### TASK DESCRIPTION
Would you transcribe the listing that follows, character for character, and omit its images?

### DATA EXTRACT
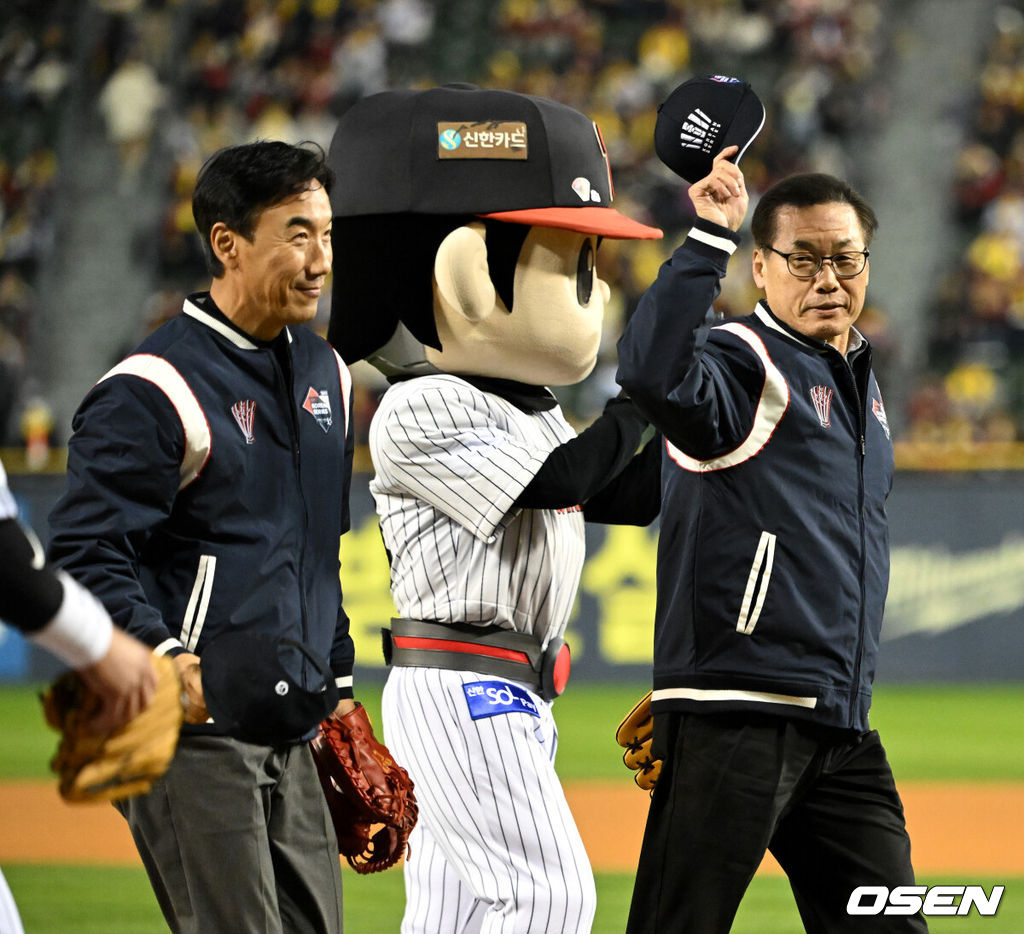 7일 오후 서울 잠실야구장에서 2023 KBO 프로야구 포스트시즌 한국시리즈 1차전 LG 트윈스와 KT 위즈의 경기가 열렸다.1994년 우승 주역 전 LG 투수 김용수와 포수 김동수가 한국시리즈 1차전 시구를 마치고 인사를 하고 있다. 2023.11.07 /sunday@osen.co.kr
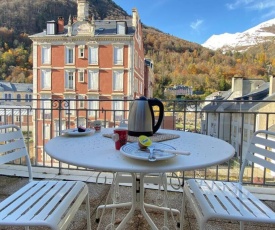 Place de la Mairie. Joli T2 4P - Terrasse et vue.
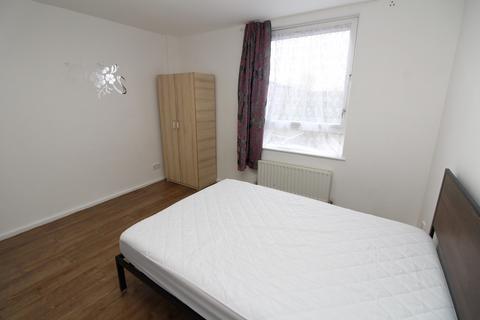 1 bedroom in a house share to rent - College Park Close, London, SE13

### OUTPUT FOR THIS EXERCISE
 7일 오후 서울 잠실야구장에서 2023 KBO 프로야구 포스트시즌 한국시리즈 1차전 LG 트윈스와 KT 위즈의 경기가 열렸다.1994년 우승 주역 전 LG 투수 김용수와 포수 김동수가 한국시리즈 1차전 시구를 마치고 인사를 하고 있다. 2023.11.07 /sunday@osen.co.kr
 Place de la Mairie. Joli T2 4P - Terrasse et vue.
 1 bedroom in a house share to rent - College Park Close, London, SE13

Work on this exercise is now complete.